3.5 The presumption for these operational PFI projects is
that UCPs are only being made after due assessment that the service
provided meets contractual obligations for delivery of acceptable
standards of service. Where such service standards or availability
are not, as specified, being provided, it has to be assumed that
penalty points are being incurred and payment deductions made.
Sufficient data to provide more detailed commentary on the performance
of individual projects is not publicly available for commercial
confidentiality reasons. We believe such data would be extremely
useful in providing a true evidence base for the consideration
of the extent to which risk has been transferred in such projects.

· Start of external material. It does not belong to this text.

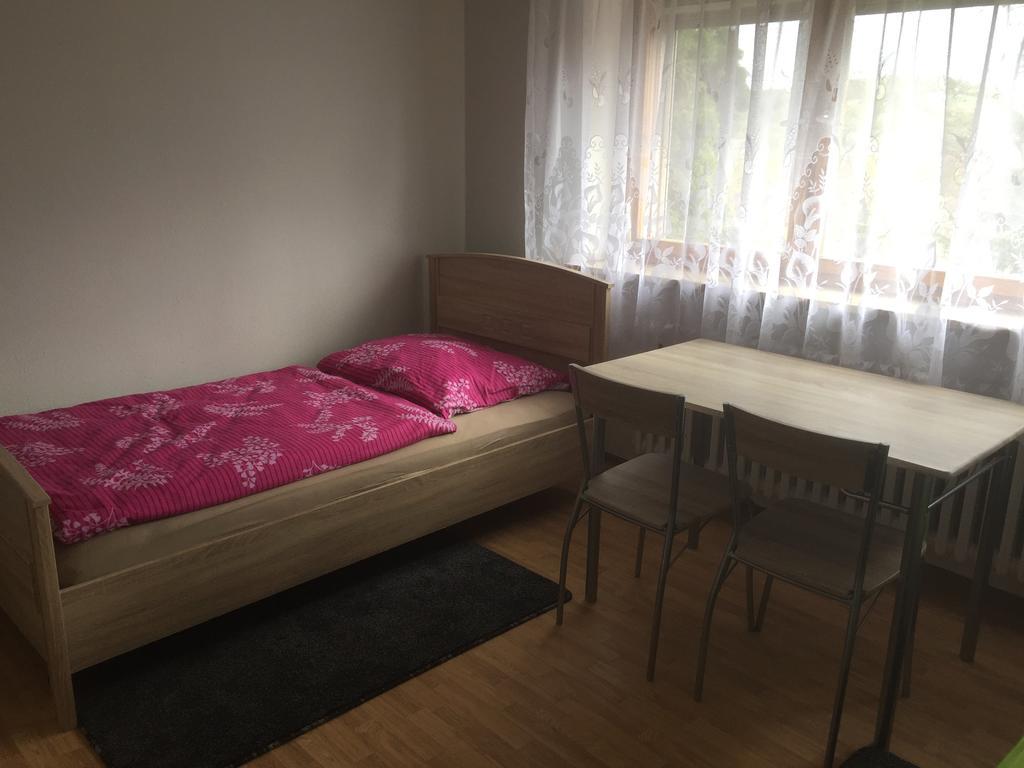 Mainzimmer Business Appartment - Monteurwohnung Mit Burgblick Wertheim Esterno foto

The presence of very few instances of project failure (not all
of which were due to issues of risk), coupled with the requirement
in such projects for transfer of design, construction and operational
risk, reinforces the evidence that significant risk has been transferred.
4. Are there particular kinds of risk which are particularly
appropriate for transfer through PFI deals, or particular projects
which are suited for PFI?
4.1 Others such as the National Audit Office have examined
and reported on the issue of design and construction risk performance
in PFI.[76],
[77] The body of evidence
is that PFI has tended to handle this risk relatively well. There
is less objective evidence of the risks that lie within the operational
services provided by such PFI contracts. For the majority of asset-based
projects, these can be broadly considered as the risks associated
with soft (people centric) and hard (asset centric) facility management.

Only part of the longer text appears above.